En même temps, il aurait été aussi mal vu d'offrir un bonus pour les voitures haut-de-gamme, beaucoup plus polluantes.
Le gouvernement était là un peu coincé. Le plus pertinent aurait été en amont d'éviter au maximum ces délocalisations. En voici le résultat maintenant.

Portrait de Bruno Rèbufie

De Bruno Rèbufie (auteur)

Logisticien | 13H26 | 20/01/2009 | Permalien

Il faut souligner la saillie de Carlos Ghosn* qui veut suspendre la taxe professionnelle pour le secteur automobile, histoire de « lisser » les charges sur l'ensemble des maillons de la production et des gammes.
Je ne suis pas sûr que les destinataires de ces taxes professionnelles voient ceci d'un bon œil.

De plus tout ceci est d'une formidable hypocrisie quand on sait que la très vendue Mégane (même chose pour le très demandé C4 Picasso) est totalement fabriquée en Espagne, pays où le coût du travail n'est pas le plus faible. Rajoutons la localisation géographique, à l'extrême sud ouest de la CE, qui implique des coûts de transport et de logistique importants, et on se rend compte que le discours de Ghosn ne tient pas la route.

Il n'en reste pas moins que nos voisins allemands ont bien plus conservé leurs productions chez eux . Ceci n'empêche pas Volkswagen de plutôt très bien se porter et de réaliser des bénéfices, et ce malgré des charges salariales et patronales plus importantes.

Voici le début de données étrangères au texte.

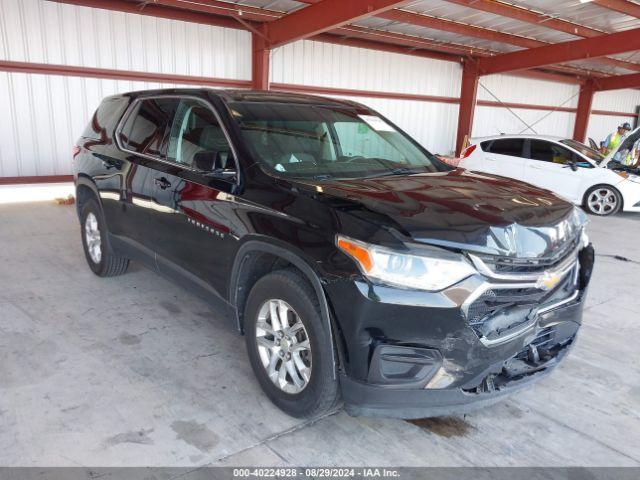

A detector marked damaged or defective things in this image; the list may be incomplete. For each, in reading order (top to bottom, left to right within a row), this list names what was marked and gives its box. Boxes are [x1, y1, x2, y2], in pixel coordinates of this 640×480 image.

damaged front bumper [324, 246, 596, 418]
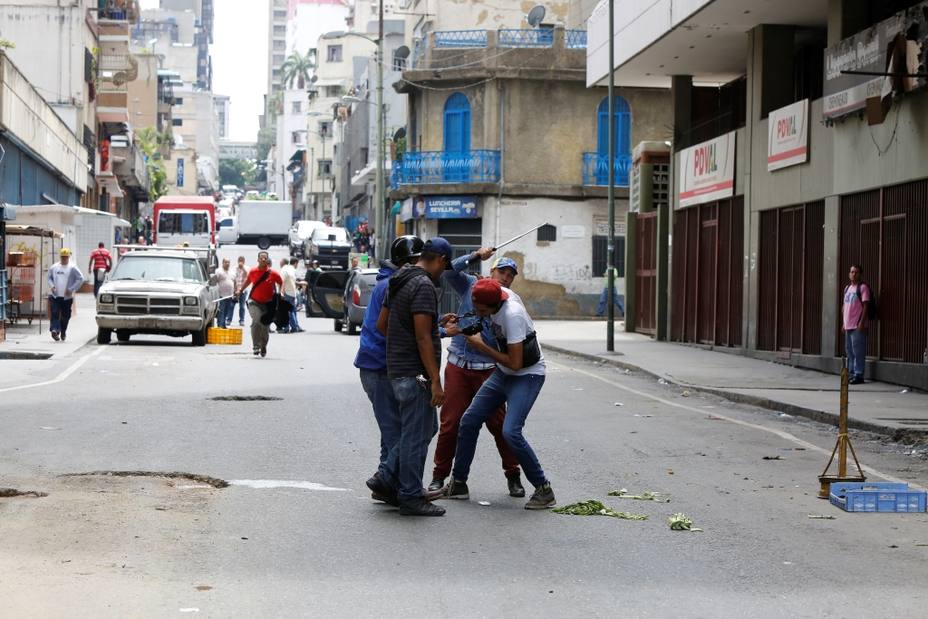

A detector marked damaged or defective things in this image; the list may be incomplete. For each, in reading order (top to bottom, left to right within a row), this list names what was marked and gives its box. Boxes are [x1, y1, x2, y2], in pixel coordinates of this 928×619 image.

pothole in road [62, 474, 231, 490]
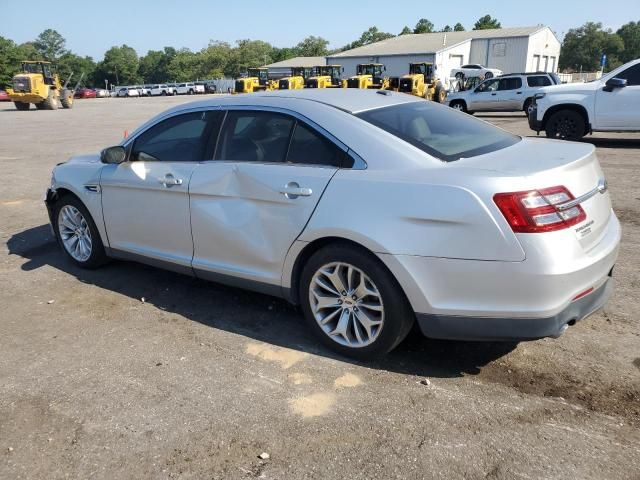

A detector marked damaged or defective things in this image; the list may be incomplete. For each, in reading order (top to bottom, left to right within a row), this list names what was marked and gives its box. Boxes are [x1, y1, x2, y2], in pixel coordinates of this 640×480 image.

Autre point que je n'ai pas souligné mais qui est important, c'est le retard des français sur les très demandés véhicules hybrides . A ce jour seuls les japonais et les américains en ont de disponibles dans leurs gammes.
Il y a inadéquation partielle entre demande et offre. C'est l'échec des services marketing mais aussi le souci de rentabilité à court termes en privilégiant le diesel qui en sont les causes.

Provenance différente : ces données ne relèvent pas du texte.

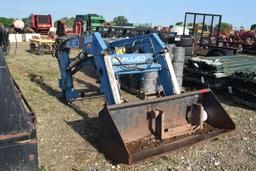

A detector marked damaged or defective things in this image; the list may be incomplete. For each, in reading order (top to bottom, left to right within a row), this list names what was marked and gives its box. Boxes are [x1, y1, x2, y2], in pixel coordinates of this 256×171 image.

rusty metal surface [99, 88, 235, 164]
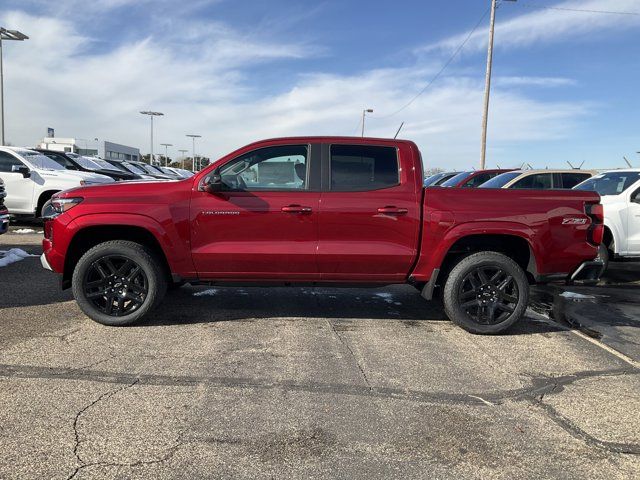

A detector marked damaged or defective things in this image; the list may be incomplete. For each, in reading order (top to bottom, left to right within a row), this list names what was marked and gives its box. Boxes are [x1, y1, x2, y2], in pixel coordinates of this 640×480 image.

crack in pavement [328, 318, 372, 390]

La réflexion politique et économique, qui va surgir de tout ceci vaut pour la régulation du travail en Europe, et pas uniquement pour le secteur automobile.

/*/*/« Si on arrive à suspendre la taxe professionnelle sur la filière automobile » ou si l'on peut « déplacer les charges sociales sur l'ensemble des voitures produites et pas seulement les voitures en France (…), vous résolvez une grande partie du problème ».

Portrait de Succédané

De Succédané

Qui n'est pas mais pourrait l'être | 14H52 | 20/01/2009 | Permalien

D'une part, quand on sait que 60 à 80% du prix de revient d'une voiture est constitué de composants achetés chez des fournisseurs, et connaissant la pression sur les coûts, on s'aperçoit que les fournisseurs font fabriquer à l'étranger toutes les pièces à forte valeur ajoutée genre câbles électriques, housses de siège.
Postez vous à l'entrée de Sochaux ou de Flins ou de Poissy et vous verrez une noria de camions venant de toute l'Europe ou des containers venant du Maghreb ; mais d'autre part les classes moyennes de tous ces pays achètent aussi des voitures fabriquées en France.
La question de n'acheter que du « made in France » n'est pas simple à résoudre, et doit on aider les constructeurs comme on a aidé les banques c'est à dire à fonds perdus sur le dos du contribuable ? C'est le retour de l'éternel chantage à l'emploi !

Portrait de TOUFIOU

De TOUFIOU

LIBERTE EGUALITE FRATERNITE | 19H38 | 20/01/2009 | Permalien

une bonne solution pour la prime à la casse, soit d'un crédit d'impot ou une prime en % donc plus favorables aux moyennes et hautes gammes. solution de crise et provisoir. ou encore des prêt à taux Zéro.

le but c'est que l'argent publique profite aux salariés Français.

Mais dans le fond c'est plus du ressourcing qu'il nous faut , il faut que les prochains petits modéles soient fabriqués en France.